» Task directions
Retype all of the data shown below, keeping every character the same.

*** Data supplied ***

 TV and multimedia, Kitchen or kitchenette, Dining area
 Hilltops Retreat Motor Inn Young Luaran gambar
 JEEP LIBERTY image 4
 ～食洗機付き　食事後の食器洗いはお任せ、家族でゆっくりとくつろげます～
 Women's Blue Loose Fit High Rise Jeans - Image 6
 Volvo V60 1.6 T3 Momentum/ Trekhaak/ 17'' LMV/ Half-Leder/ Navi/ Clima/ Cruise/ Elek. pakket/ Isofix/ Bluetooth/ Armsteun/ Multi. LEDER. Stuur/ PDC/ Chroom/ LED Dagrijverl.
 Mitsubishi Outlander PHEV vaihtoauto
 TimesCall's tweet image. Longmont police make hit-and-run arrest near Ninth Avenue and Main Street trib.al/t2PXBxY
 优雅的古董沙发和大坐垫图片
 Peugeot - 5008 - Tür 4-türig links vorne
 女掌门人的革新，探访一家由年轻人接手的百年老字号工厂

***

» Response to the task
 TV and multimedia, Kitchen or kitchenette, Dining area
 Hilltops Retreat Motor Inn Young Luaran gambar
 JEEP LIBERTY image 4
 ～食洗機付き　食事後の食器洗いはお任せ、家族でゆっくりとくつろげます～
 Women's Blue Loose Fit High Rise Jeans - Image 6
 Volvo V60 1.6 T3 Momentum/ Trekhaak/ 17'' LMV/ Half-Leder/ Navi/ Clima/ Cruise/ Elek. pakket/ Isofix/ Bluetooth/ Armsteun/ Multi. LEDER. Stuur/ PDC/ Chroom/ LED Dagrijverl.
 Mitsubishi Outlander PHEV vaihtoauto
 TimesCall's tweet image. Longmont police make hit-and-run arrest near Ninth Avenue and Main Street trib.al/t2PXBxY
 优雅的古董沙发和大坐垫图片
 Peugeot - 5008 - Tür 4-türig links vorne
 女掌门人的革新，探访一家由年轻人接手的百年老字号工厂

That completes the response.